Tuesday, December 3Royal Holloway's offical student publication, est. 1986

Public Transport in Tanzania: The ‘Dale Dale’

A quick and cheap way of getting around, if you don’t mind death-defying driving, sardine-like people-packing or being handed a child/chicken to hold on your lap for the entire journey. A ‘Dale Dale’ ( dar-lay dar-lay) is a minibus taken to various stops in and out of town. A 20 minute ride costs about 30p.

Your best chances of catching a ride is to find the nearest ‘station’, as it were – a sort of large gathering zone where many start their routes. It basically looks like a large herd of white minivans surrounded by drivers shouting and packing as many people into their vans as they can possibly hold.

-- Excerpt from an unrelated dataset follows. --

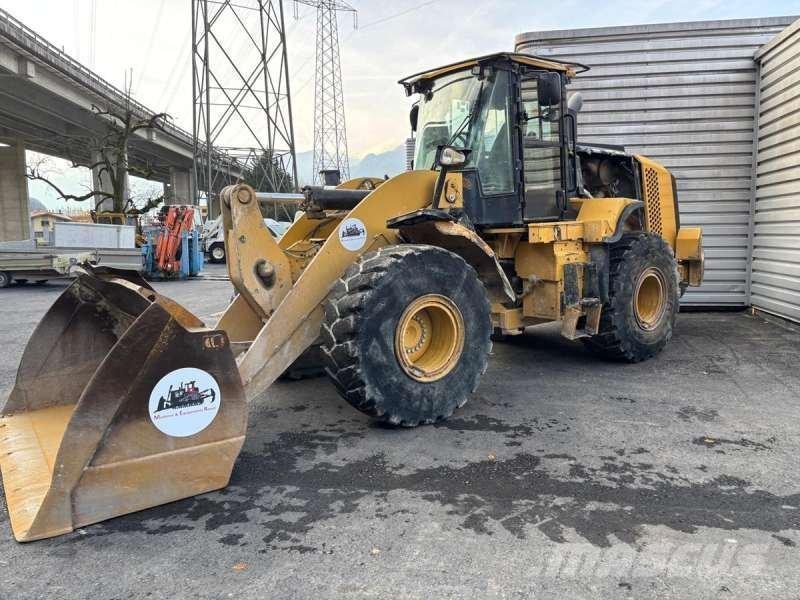 CAT 962K Rataslaadurid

The first thing to note is that the locals take their people-cramming skills to a serious level. The other issue is the stops: seeing where you are, or where to get off, can be difficult through the narrow windows. Furthermore, with the sheer kamikaze speed that the van hurtles at one can only usually only make out blurs of browns and greens dotted with the colours of vintage coca cola signs, the goods of street vendors and the bright clashes of Masai clothes. So long as you ask for your stop if you’re not sure, or go with someone who knows their way around, its pretty easy. Most vans are run by two men: the driver and the money collector, and if you’re crammed in behind the front seats there is a standard passing forward of money that becomes a very routine procedure after your first few rides.

The overall point is that it’s efficient on most levels and, aside from the dangers of capsizing (though there’s enough people crammed in to create a human airbag), it’s safe, in the daytime and in numbers. So if you’re looking for a cheap, convenient and social mode of transport – and by social I mean standing for up to twenty minutes with a stranger’s bottom millimetres from your face – then the ‘Dale Dale’ is for you.